La vertu des espaces désertés par toute figure humaine autre que celles qui font l’histoire des films est aussi de conférer une présence supplémentaire aux individus filmés. Un supplément de présence semble leur être accordé, comme on parle d’un supplément d’âme. Ce supplément de présence vaut d’abord d’être distingué par les personnages eux-mêmes. Dans la séquence d’ouverture du Cœur fantôme, la beauté de la prostituée n’interpelle sans doute si fortement Philippe que parce qu’elle est seule à illuminer de sa présence presque statufiée le coin de rue qu’il arpente. De même, dans Le Vent de la nuit, Paul peut immédiatement remarquer le physique d’exception de la prostituée qui campe au sortir de leur hôtel parce qu’elle est seule sur ce bout de trottoir où elle tapine [séq. 36]. Les prostituées : c’est la rareté même des autres figures qui rend leur présence si rare.

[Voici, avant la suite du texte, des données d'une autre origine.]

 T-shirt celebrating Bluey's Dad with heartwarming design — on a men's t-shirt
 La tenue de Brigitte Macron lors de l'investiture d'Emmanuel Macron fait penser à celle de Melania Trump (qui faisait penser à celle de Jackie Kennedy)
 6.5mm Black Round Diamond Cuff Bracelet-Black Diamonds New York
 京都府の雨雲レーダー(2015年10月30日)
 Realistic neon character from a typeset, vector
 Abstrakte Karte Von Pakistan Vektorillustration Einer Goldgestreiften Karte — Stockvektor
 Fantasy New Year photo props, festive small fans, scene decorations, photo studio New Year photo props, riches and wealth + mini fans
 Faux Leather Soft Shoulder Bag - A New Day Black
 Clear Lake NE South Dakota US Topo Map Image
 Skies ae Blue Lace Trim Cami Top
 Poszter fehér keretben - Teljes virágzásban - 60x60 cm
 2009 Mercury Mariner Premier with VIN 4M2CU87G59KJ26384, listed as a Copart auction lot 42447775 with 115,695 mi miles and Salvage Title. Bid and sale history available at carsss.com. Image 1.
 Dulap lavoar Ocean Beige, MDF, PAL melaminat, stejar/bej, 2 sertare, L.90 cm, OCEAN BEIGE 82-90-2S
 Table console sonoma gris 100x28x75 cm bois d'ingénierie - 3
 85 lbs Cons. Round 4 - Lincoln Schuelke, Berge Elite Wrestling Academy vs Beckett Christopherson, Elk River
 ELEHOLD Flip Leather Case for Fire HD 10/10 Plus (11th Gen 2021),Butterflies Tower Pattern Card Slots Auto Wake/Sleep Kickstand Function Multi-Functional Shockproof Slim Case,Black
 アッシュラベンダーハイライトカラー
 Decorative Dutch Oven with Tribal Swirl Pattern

D’un point de vue spectatoriel, et pour filer la référence à Alberto Giacometti, il en va dans certaines séquences des films de Philippe Garrel comme dans certaines œuvres du sculpteur où le socle, à la manière d’une estrade ou d’un autel, jouant pleinement son rôle de socle, réalise une sorte d’exhibition des figures, un surélèvement, une fondamentale ex-position qui les distingue de et dans l’espace, ce qui accroît l’effet de présence qui en émane. La spécificité d’un Alberto Giacometti dans le champ de la sculpture est de jouer parfois d’un rapport inversement proportionnel entre socle et figure. L’accentuation de la présence des figures est ainsi d’autant plus prégnante que le socle paraît massif et imposant, que son excroissance accompagne une miniaturisation des figures 142 . Dans Les Baisers de secours, lorsque Jeanne et Lo s’éloignent dos à la caméra en marchant et se donnant la main, le trottoir vide sur lequel ils se déplacent joue mutatis mutandis un rôle équivalent [séq. 27]. Il paraît une portion d’espace réservé, presque un ring cerné de part et d’autre par le mur et la rangée de voitures qui le bordent, sur lequel les figures semblent, avant tout acte de jeu, faire acte de présence. Plus Jeanne et Lo prennent de la distance avec la caméra, plus ils deviennent petits à l’image jusqu’à être minuscules, plus la qualité de leur présence devient tributaire de l’espace réservé où ils se trouvent. Il en va de même, dans Le Cœur fantôme, lorsque Justine et Philippe, après avoir pris la fuite devant Annie, sortent du métro dans lequel ils s’étaient engouffrés. Le boulevard sur lequel ils marchent, précédés en travelling arrière par la caméra est, là encore, entièrement vide et paraît un micro-no man’s land parisien entièrement offert à la présence du couple, entièrement dévolu à le rendre présent dans sa tendresse enlacée [séq. 18]. En l’occurrence, l’effet de présence est d’autant plus prégnant que l’espace référentiel est vaste, large – artère hausmanienne par excellence – et que le dépeuplement y apparaît, à rebours de tout naturalisme, presque fantastique. Ici, les figures garreliennes sont les seules à occuper la présence, à prendre en charge la présence, à l’incarner et à l’animer.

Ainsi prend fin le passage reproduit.